7. An electromagnetic radiation monitor comprising:
an electromagnetic radiation sensor;
a conductive shield associated with said sensor; and
a means for preventing reflective interference from said shield with said sensor consisting essentially of a single layer of uniform lossy material interposed between the sensor and the shield, said layer of lossy material having a front face and a back face, the back face attached to the shield, the front face selectively spaced apart from the sensor.
8. An electromagnetic radiation monitor as defined in claim 7, wherein the electromagnetic radiation sensor comprises a plurality of orthogonal and coplanar arrays of thermocouples.
1. Field of the Invention
This invention relates to electromagnetic radiation detection devices. More particularly, this invention relates to electromagnetic radiation detection devices which may be worn by an individual to alert such an individual of harmful levels of electromagnetic energy and which are useful over a broadband of frequencies.
2. Description of Prior Art
The use of high power radio and microwave frequencies in the military, commercial and consumer applications has grown substantially. The applications of high power electromagnetic sources are numerous, including for example, radars, satellite communication ground terminals, radio transmitting antennas and microwave ovens.
One problem with high power electromagnetic radiation is its potential harmful effects on a human body. The American National Standards Institute have established safety guidelines to prevent exposure to harmful levels of electromagnetic radiation.
Harmful levels of electromagnetic radiation may not be detected by an individual until permanent damage results. Accordingly, a work place in the vicinity of high power electromagnetic sources can be a dangerous environment. Therefore, there is a need for a device which can sense electromagnetic radiation and provide an alert signal indicating harmful ambient levels. Furthermore, because of the numerous applications of electromagnetic sources and the multitude of frequencies generated, such electromagnetic radiation detection devices having a broadband frequency performance are desirable.
Broadband electromagnetic radiation detection devices have been used in the art for many years. For example, U.S. Pat. No. 3,931,573 assigned to the assignee of the present invention, discloses a hand-held radiation detector. However, hand-held radiation detectors may sometimes be cumbersome and inconvenient. Therefore, radiation hazard meters which can be worn by an individual are both practical and desirable.
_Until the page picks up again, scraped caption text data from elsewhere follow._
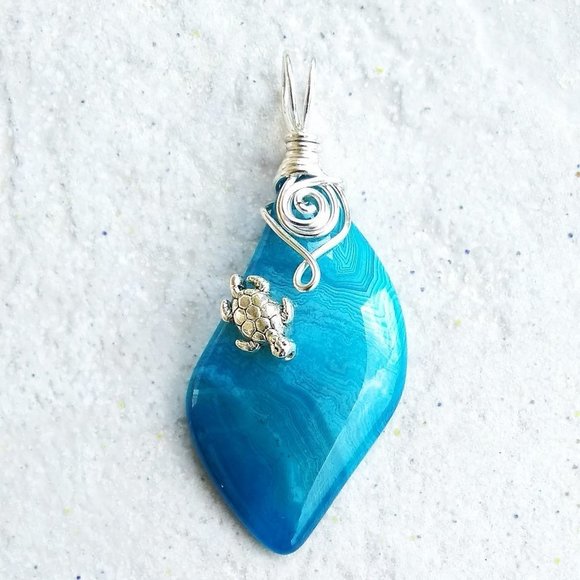 Hand Crafted Other - Sea Turtle on Blue Banded Agate Pendant ~ Beachy Ocean Boho Coastal Cowgirl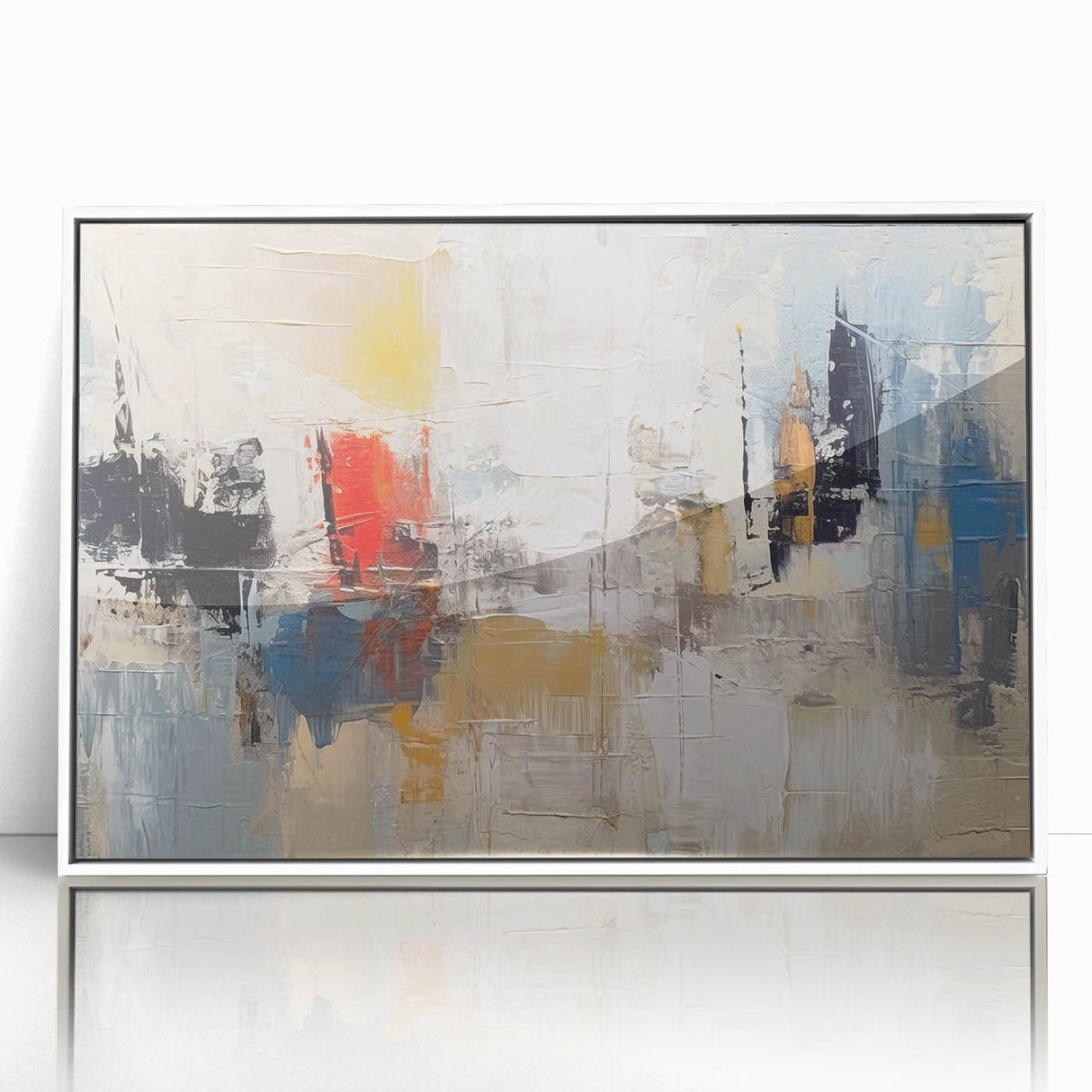 Framed abstract wall art featuring colorful strokes and lines in a modern design, set in a sleek white frame, perfect for contemporary decor.
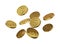 Isolated dollar gold coins falling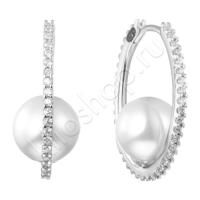Серьги из серебра с фианитами и жемчугом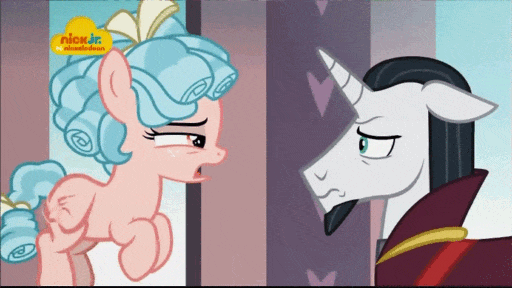 Size: 512x288 | Tagged: safe, screencap, character:chancellor neighsay, character:cozy glow, species:pegasus, species:pony, species:unicorn, episode:school raze, g4, my little pony: friendship is magic, animated, duo, female, filly, flying, foal, gif, logo, nervous, nick jr., sweat, sweating profusely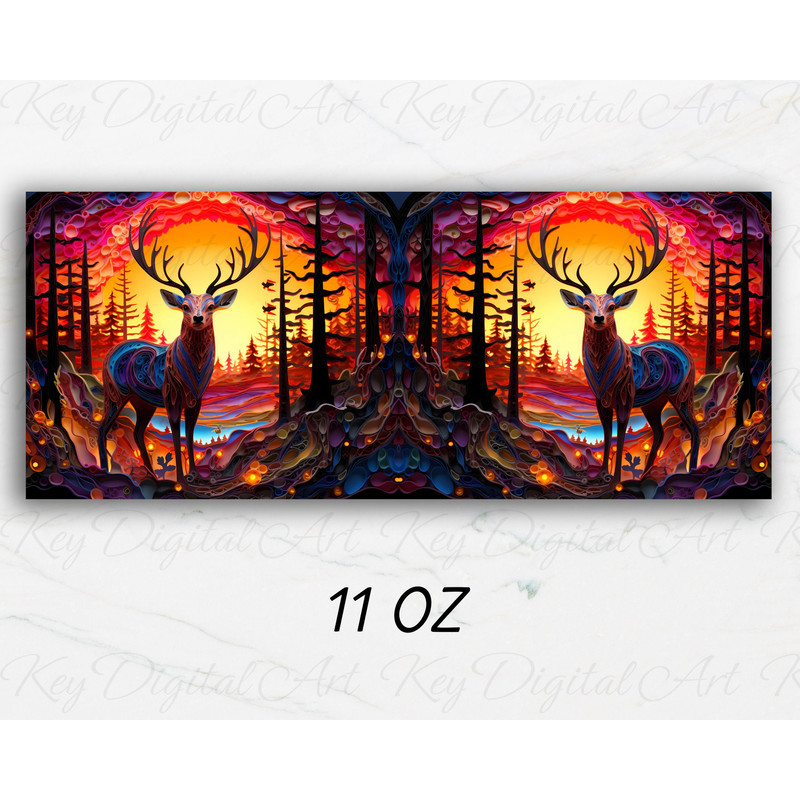 3D Deer Sunset Forest Mug Wrap 11oz & 15oz Mug Template, 3D Animal Mug Sublimation Design Mug Wrap Template PNG Instant Digital Download - 3.jpg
When constructing a personal radiation hazard meter, electromagnetic interference from a human body is a concern. It is known that interference in the form of electromagnetic scattering results when electromagnetic radiation reflects off a human body. Such scattered reflections interfere with the electromagnetic radiation being detected by the radiation detector.
To minimize body interference, the radiation sensors of personal radiation hazard meters require shielding of the electromagnetic radiation sensor from the user's body. The shield, however, may produce its own source of interference due to unwanted reflections.
The use of lossy material as a radiation absorber to absorb reflective radiation is well known in the art. However, even lossy material has a measurable reflective characteristic. Generally, the more highly absorbent the lossy material is the more reflective it is. This property of lossy material suggests that the use of multiple layers of lossy material having different absorbent (and, accordingly, reflective) characteristics would be most effective in eliminating reflective interference with the radiation sensors from the conductive shield.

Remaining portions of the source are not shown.